Information shown:

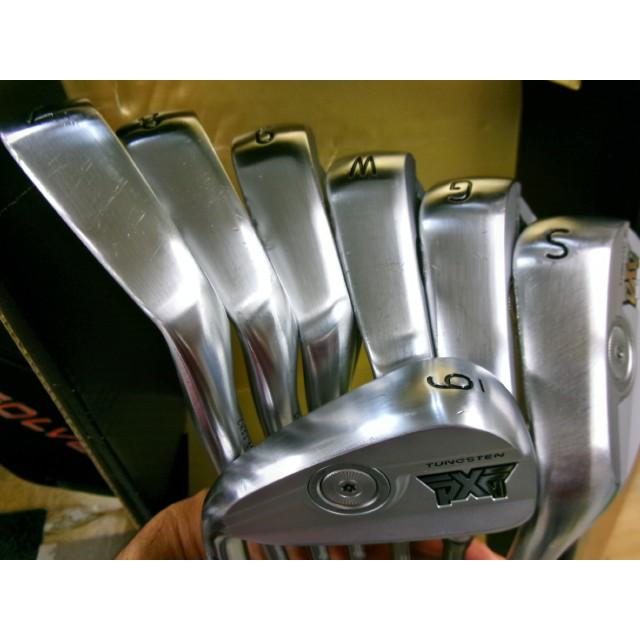 左用 I[174331]PXG 0311 XP GEN7 Chrome/リシャフト NEW MCI 80/S/0
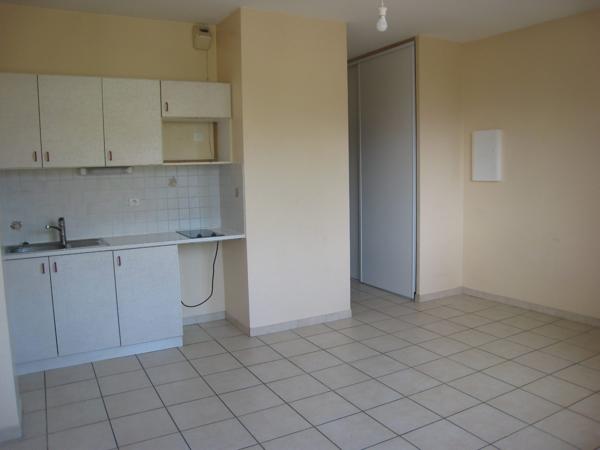 STUDIO VIDE - LA ROCHE-SUR-FORON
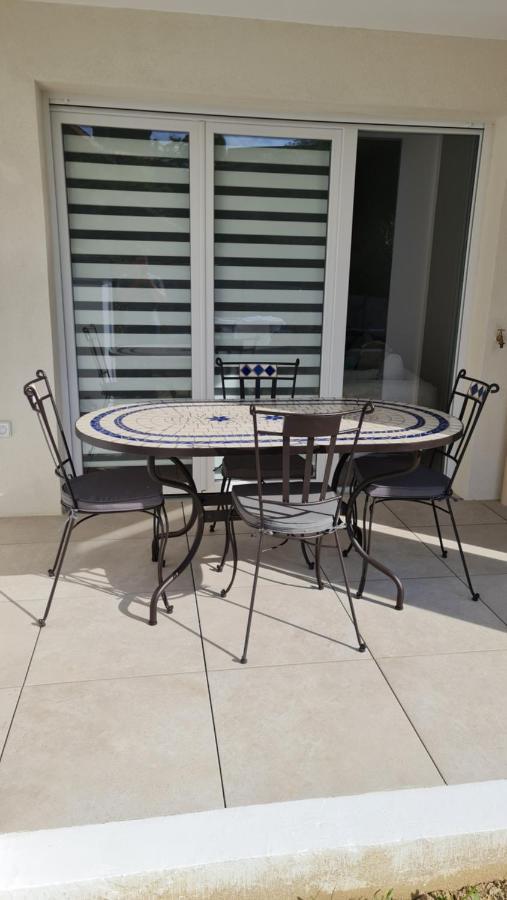 Apartmán L'Ecrin Des Oliviers Grasse Exteriér fotografie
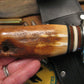 Fossil Net Weight  Artifact Ivory Woodmonk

What you need to do:
Beginning at the line that contains "STUDIO VIDE - LA ROCHE-SUR-FORON", retype each line of the data above through the very last one. Do not retype the pictures.

Response to the task:
 STUDIO VIDE - LA ROCHE-SUR-FORON
 Apartmán L'Ecrin Des Oliviers Grasse Exteriér fotografie
 Fossil Net Weight  Artifact Ivory Woodmonk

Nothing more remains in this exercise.